- To do
After finding "Außenpool, beheizter Pool, Sonnenschirme, Liegestühle" in the data, write out its line and all following lines without change, up to and including the last one. Leave out pictures.
━━ Data supplied ━━
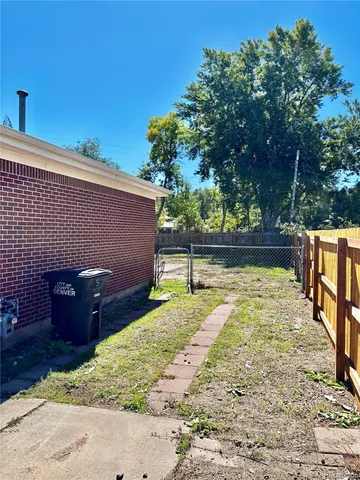 $2,200 | 5670 West 52nd Avenue, Denver, CO 80212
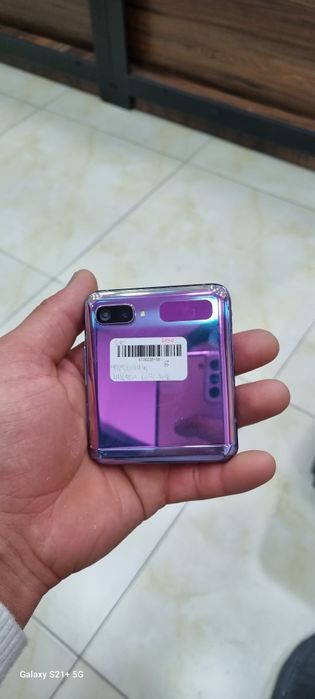 Samsung Z Flip | 256 |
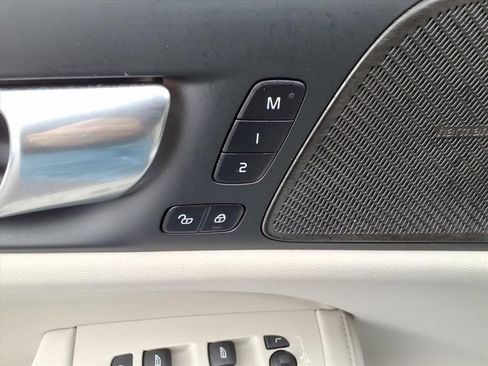 Certified 2025 Volvo S60 T8 Ultra w/ Climate Package image 17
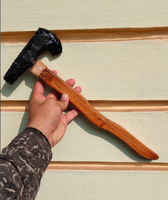 Produits phares faits main : Hache de combat et épée en obsidienne sculptées à la main, et baguette de guérison en pierre pour artisanat en cristal et cadeaux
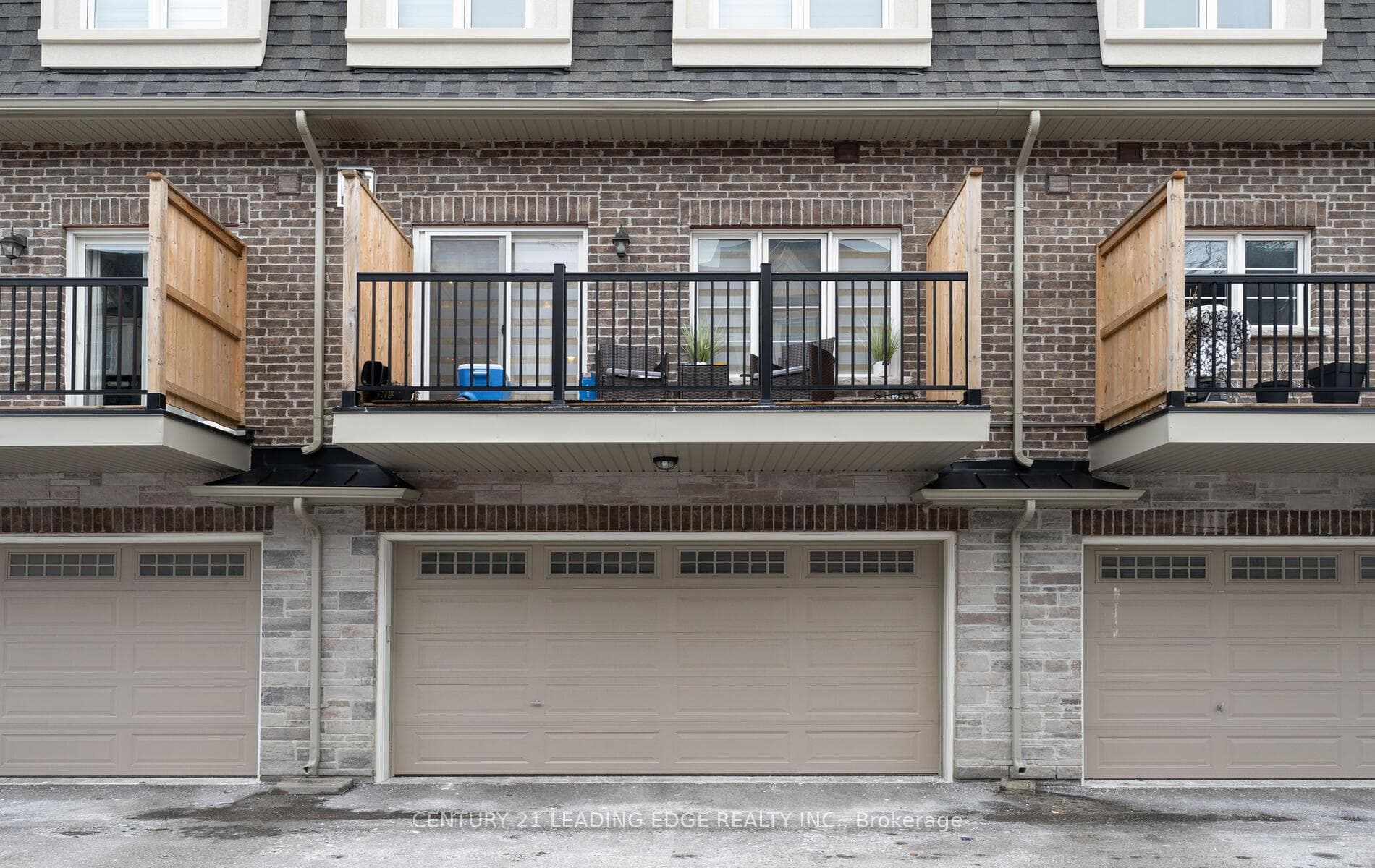 174 Elgin Mills Road photo 2
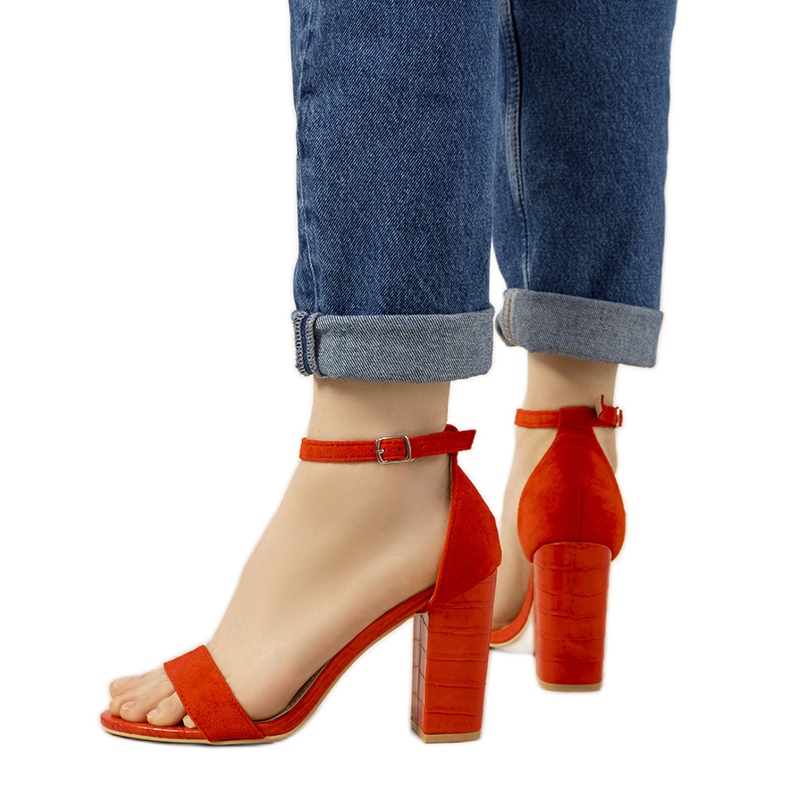 BM Bombas rojas en un poste con un patrón de serpiente Dolores rojo BM Bombas rojas en un poste con un patrón de serpiente Dolores rojo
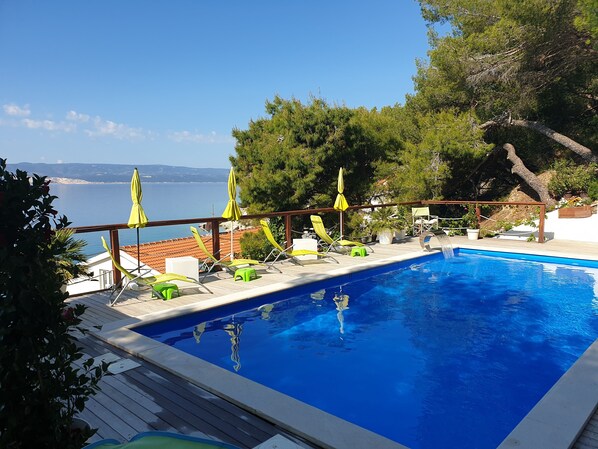 Außenpool, beheizter Pool, Sonnenschirme, Liegestühle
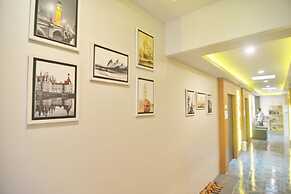 Lanta Hostel - Adults Only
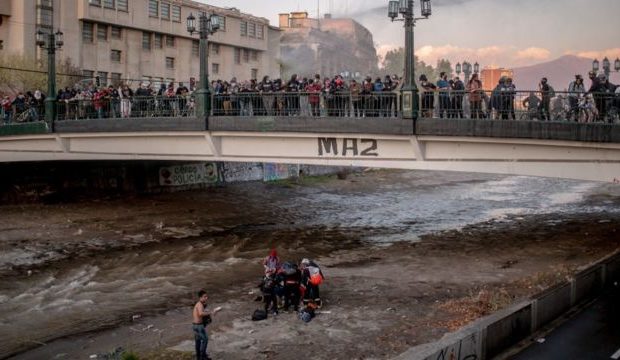 Chile. Impunidad: El informe pedido por la defensa aseguró que ex carabinero no empujó a joven en el puente Pío Nono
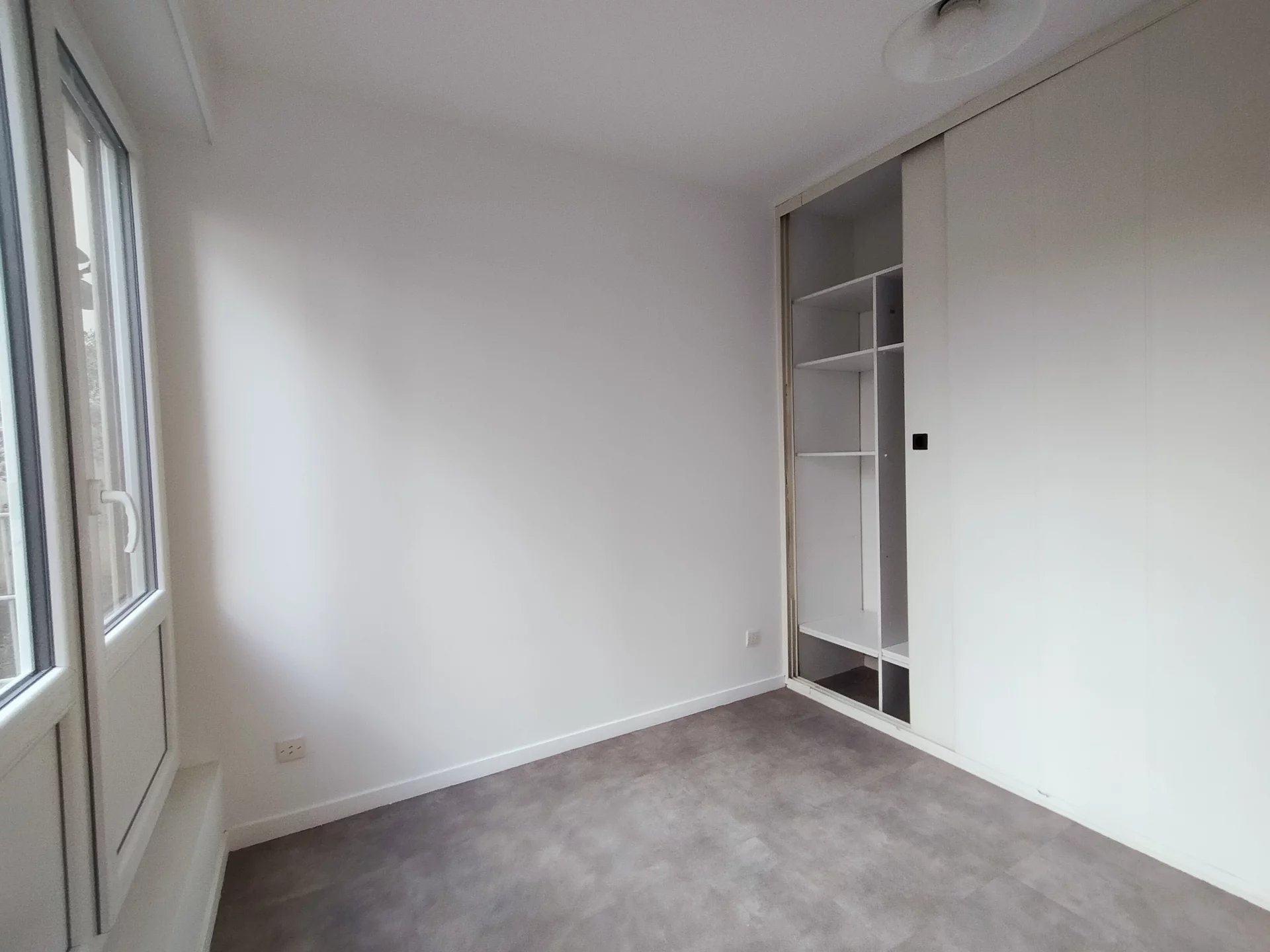 3021658 Location Villeurbanne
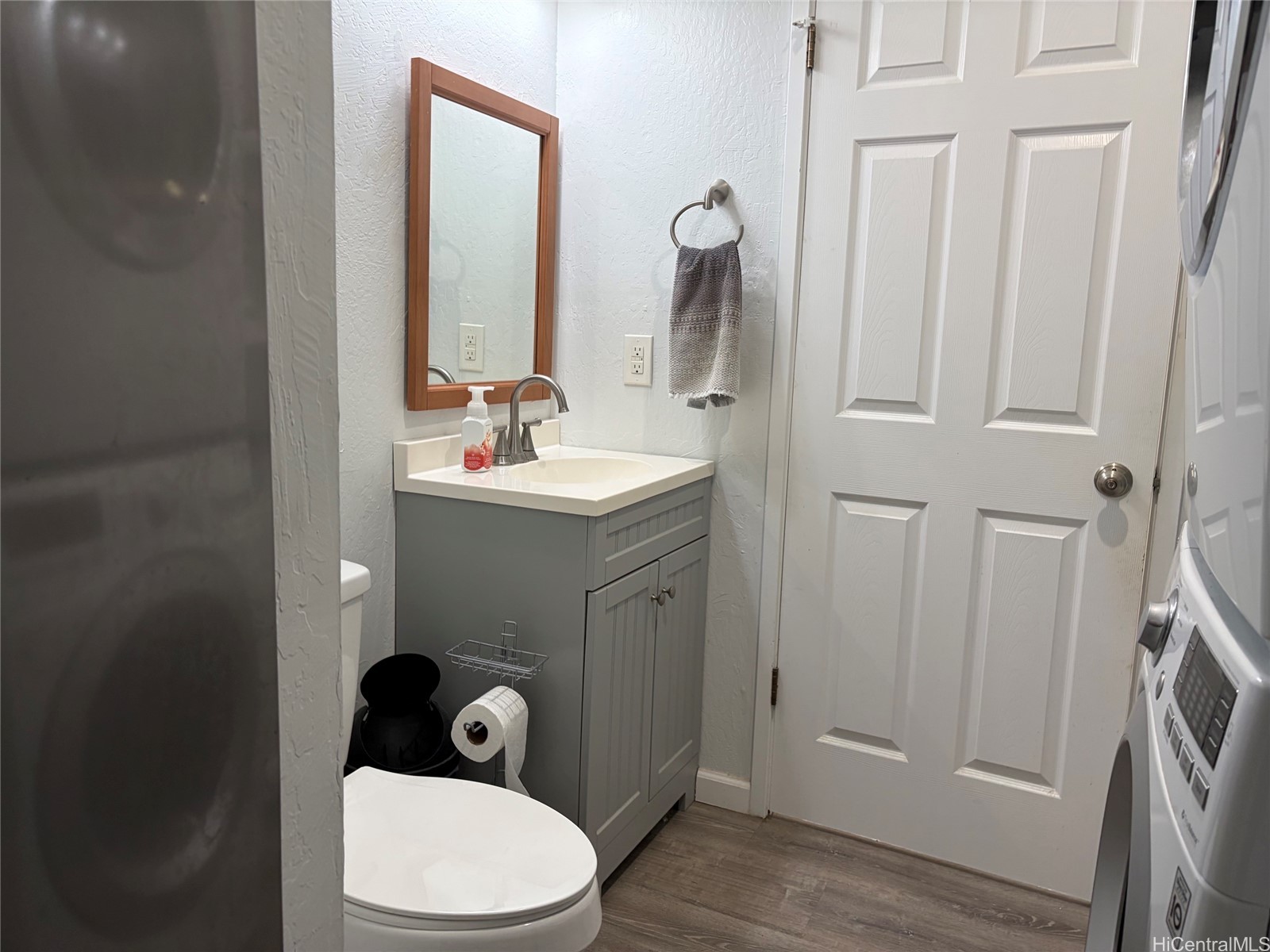 47-286c Hui Iwa Street 753 Property Photo 9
━━━
- Written answer
 Außenpool, beheizter Pool, Sonnenschirme, Liegestühle
 Lanta Hostel - Adults Only
 Chile. Impunidad: El informe pedido por la defensa aseguró que ex carabinero no empujó a joven en el puente Pío Nono
 3021658 Location Villeurbanne
 47-286c Hui Iwa Street 753 Property Photo 9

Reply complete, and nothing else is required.